Comment by LeoPanthera
3 months ago
Is there an index for judging how much a model distorts the truth in order to comply with a political agenda?
3 months ago
Is there an index for judging how much a model distorts the truth in order to comply with a political agenda?
It's not perfect, but, yes: https://huggingface.co/spaces/DontPlanToEnd/UGI-Leaderboard
How would you create the base "truth" for these models? People are adamant about both sides of many topics.
"Which country started the Korean war?", "Did Israel genocide the people of Gaza?", "Does China have lawful rights over Taiwan?"
For a start you don't ask such subjective questions, that's a bit silly, instead you ask for e.g. the death toll of Israel vs Palestine in the last year, the number of deaths surrounding the tianammen square protests, if it gives you a straight answers with numbers (or at least a consistent estimate) and citing it's sources it's a good start.

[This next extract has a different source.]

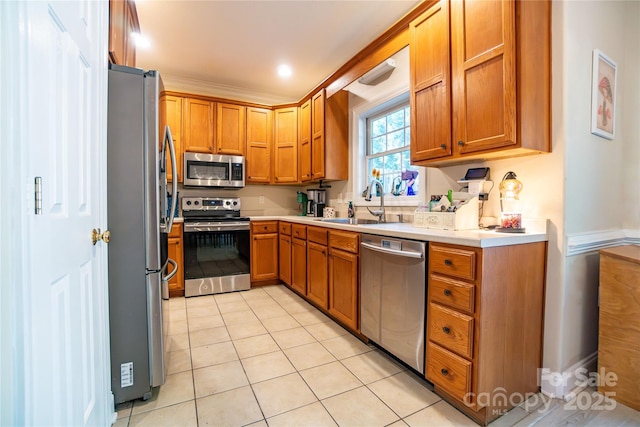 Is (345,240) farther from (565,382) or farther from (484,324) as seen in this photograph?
(565,382)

Let's take the example you have listed:
1) where would you get the death toll from? What would be the sources of truth?
2) Are there conflicting sources?
3) if yes, what is your expectation for the correct response?
3 replies →
Hopefully obviously, by testing it against objective facts which are nonetheless "controversial" politically.
In the end many of these are "political facts" and not objective like what year was a person born in. The answer to your question is as simple as - come up with the actual list of "facts", and then run a simple eval with every model on them.
The implementation is trivial - the listing down of "political facts" is the hard part.